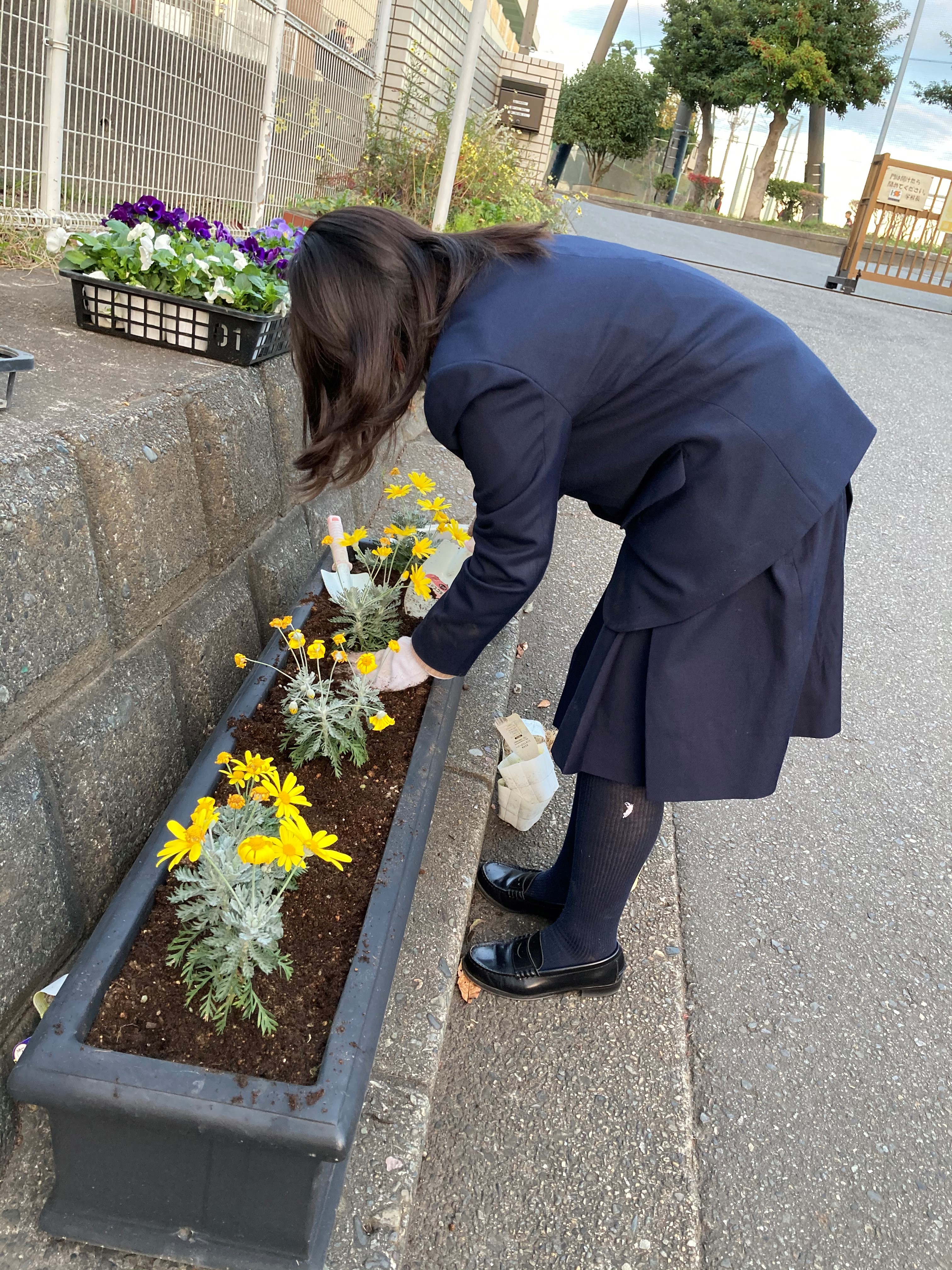 ESD委員　緑化活動　球根植え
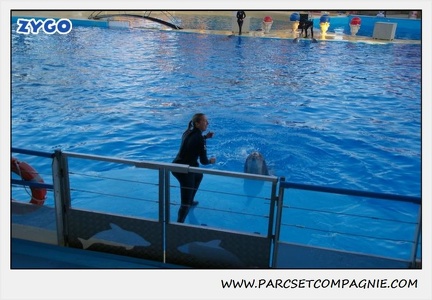 Marineland - Dauphins - Spectacle 17h30 - 0230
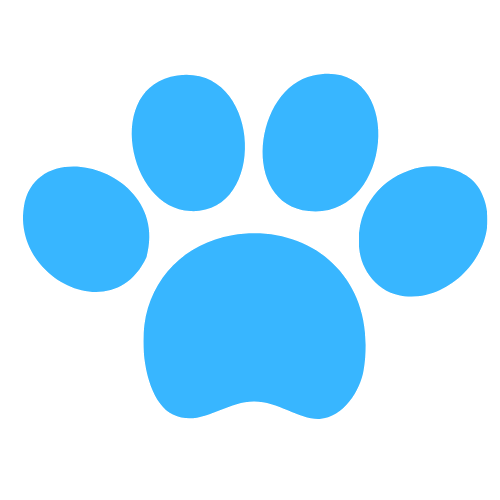 Puppy Socialisation Walks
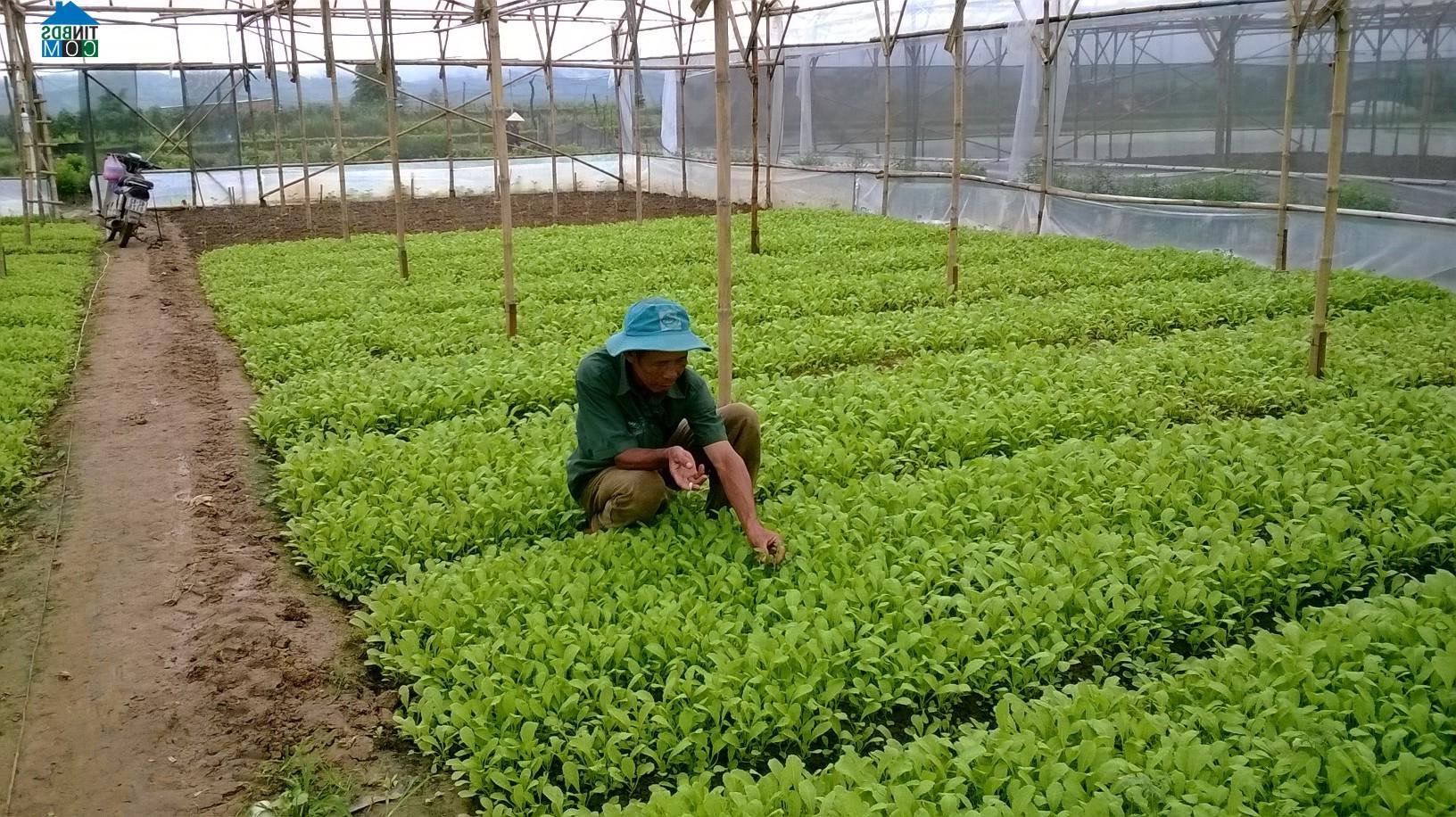 Hình ảnh Long Phụng, Quảng Ngãi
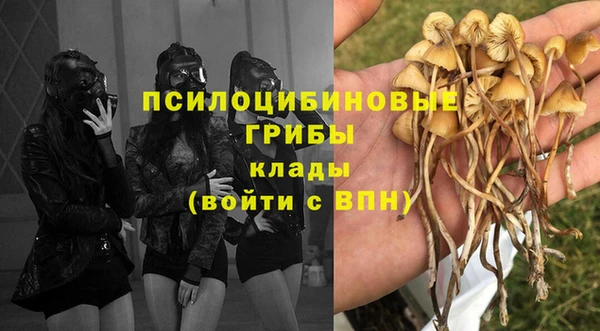 MESCALINE Каменка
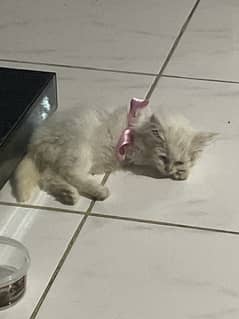 Persian Female kitten 0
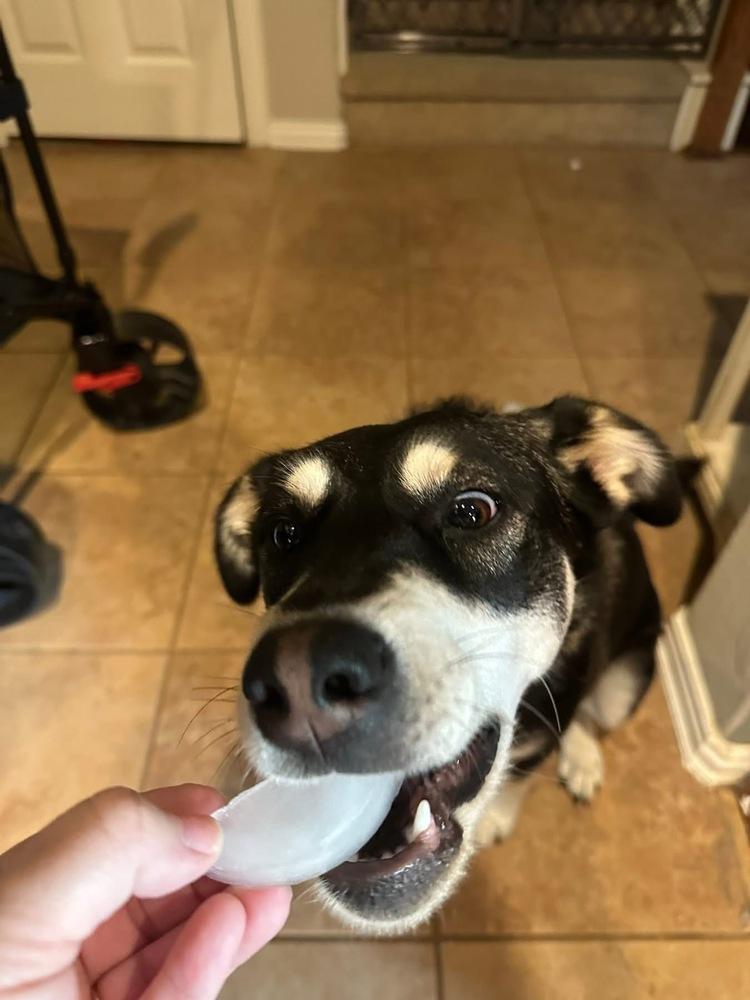 25-078 Bella, Adoptable, Young Female Husky & Shepherd.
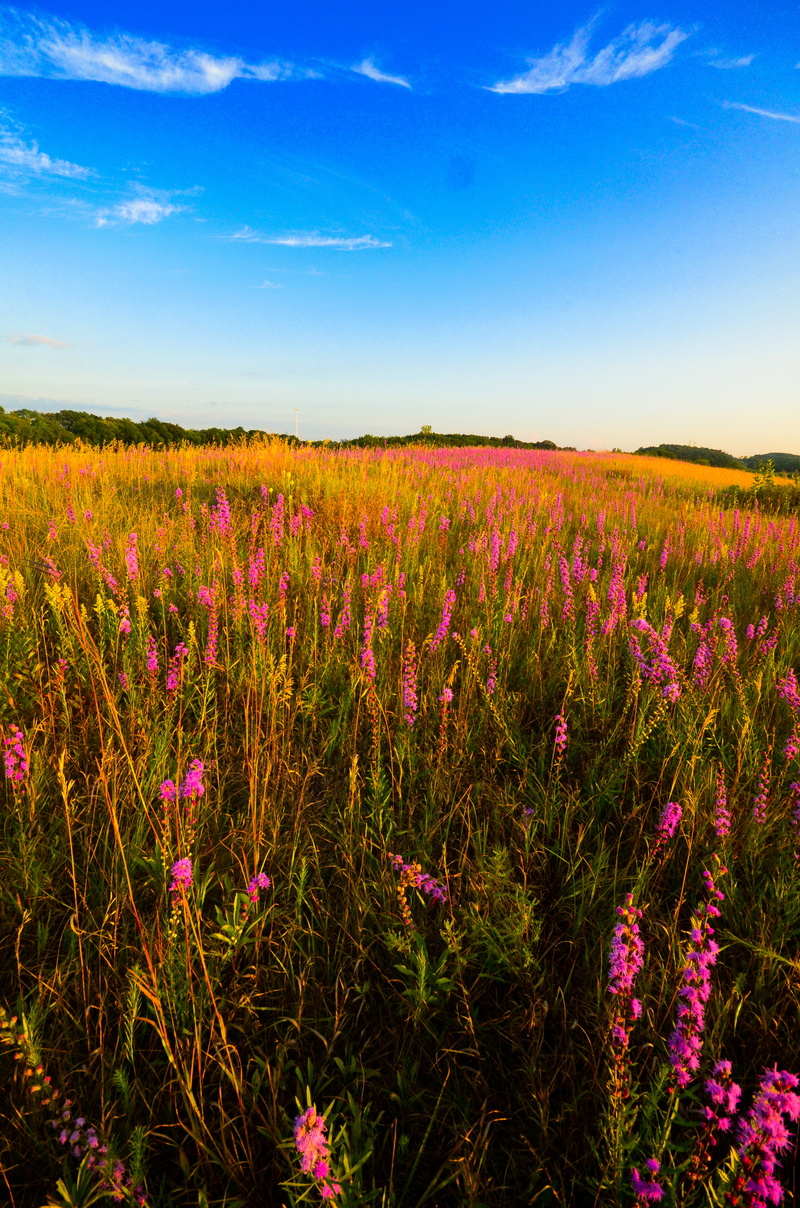 plant, sigma, county  flower, wisconsin state natural area, ex, near, liatris, rough blazing star, hsm, f/4, tpe, blue, springtime, field, summer, Blazing Stars
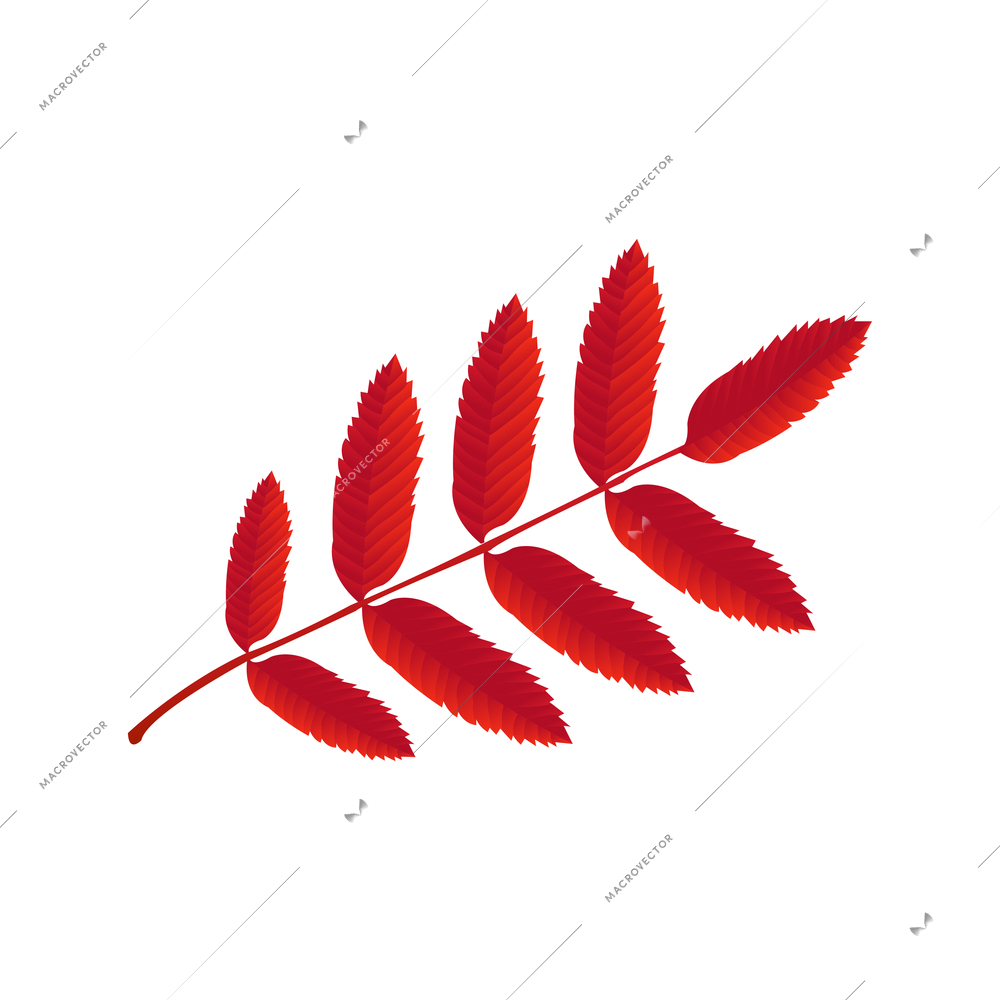 Autumn leaves composition with colorful isolated image of ash leaf vector illustration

◆ Task statement:
Restate the whole of the material word for word without the pictures.

◆ Task answer:
 ESD委員　緑化活動　球根植え
 Marineland - Dauphins - Spectacle 17h30 - 0230
 Puppy Socialisation Walks
 Hình ảnh Long Phụng, Quảng Ngãi
 MESCALINE Каменка
 Persian Female kitten 0
 25-078 Bella, Adoptable, Young Female Husky & Shepherd.
 plant, sigma, county  flower, wisconsin state natural area, ex, near, liatris, rough blazing star, hsm, f/4, tpe, blue, springtime, field, summer, Blazing Stars
 Autumn leaves composition with colorful isolated image of ash leaf vector illustration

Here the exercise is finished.